*** Begin section ***

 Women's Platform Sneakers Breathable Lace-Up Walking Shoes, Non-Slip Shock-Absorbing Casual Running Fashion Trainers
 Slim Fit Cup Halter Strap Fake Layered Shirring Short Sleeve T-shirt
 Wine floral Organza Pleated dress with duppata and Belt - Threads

*** End section ***
*** Begin section ***

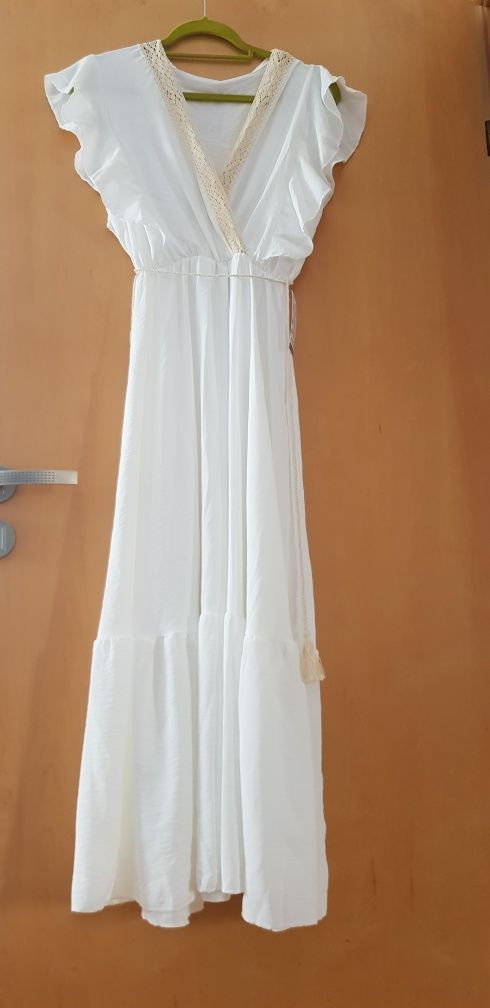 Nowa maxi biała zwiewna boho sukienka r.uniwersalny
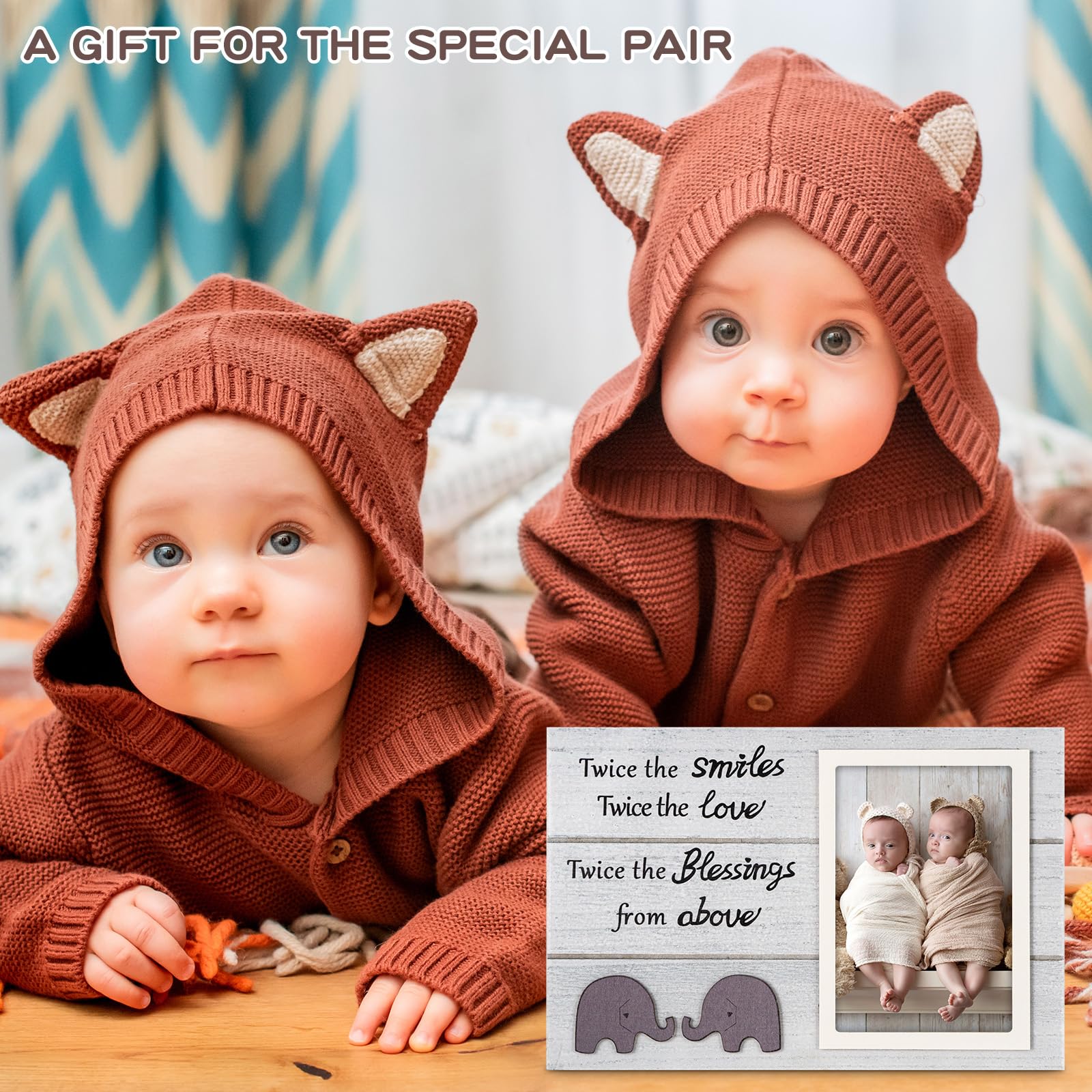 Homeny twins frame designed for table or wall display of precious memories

*** End section ***
*** Begin section ***

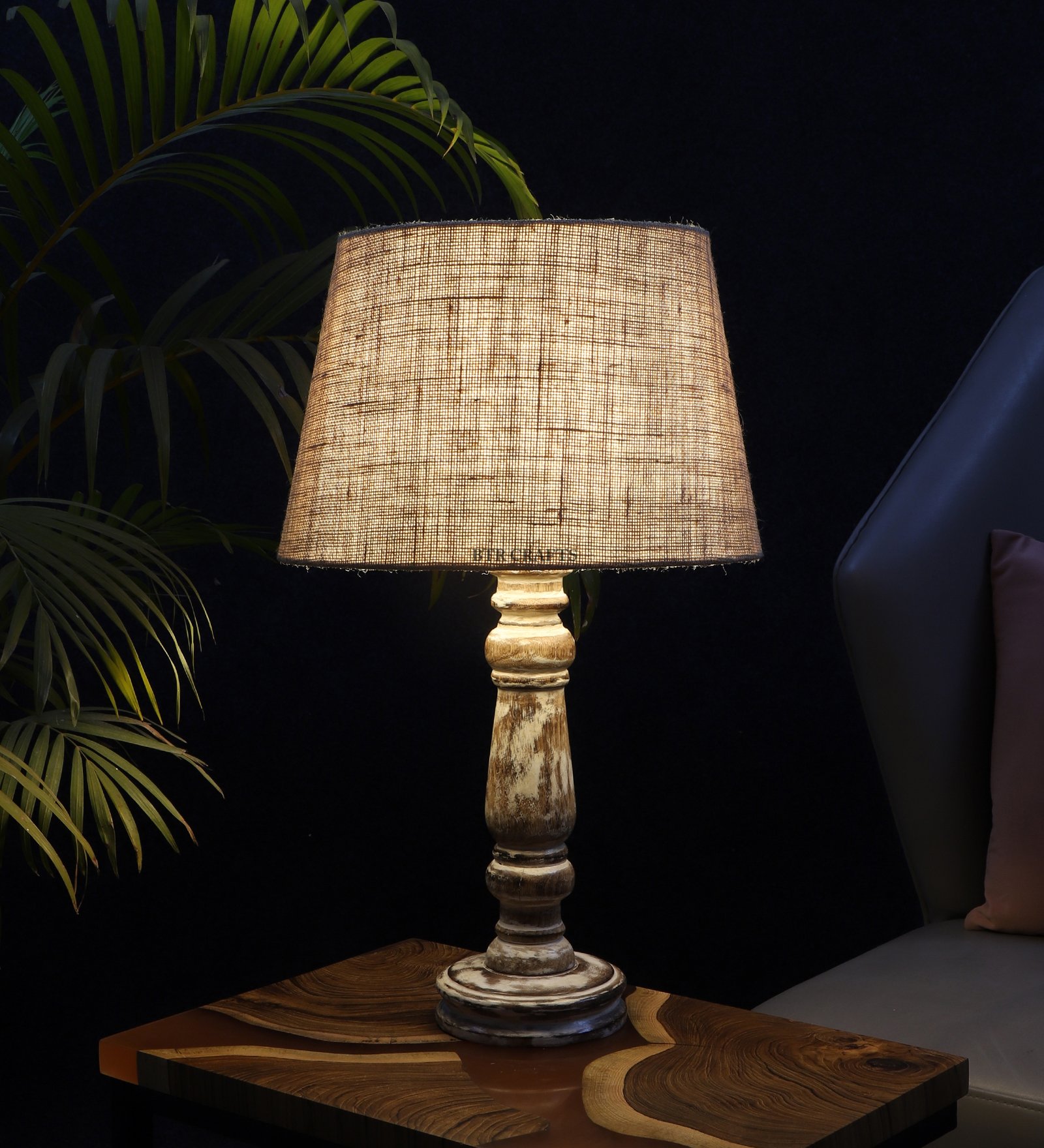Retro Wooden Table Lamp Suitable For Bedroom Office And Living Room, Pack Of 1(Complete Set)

*** End section ***

**TASK INSTRUCTIONS**
The reply should hold exactly the lines above, starting at the line with "Nowa maxi biała" and ending at the line with "Homeny twins frame", and no pictures.

**ANSWER**
 Nowa maxi biała zwiewna boho sukienka r.uniwersalny
 Homeny twins frame designed for table or wall display of precious memories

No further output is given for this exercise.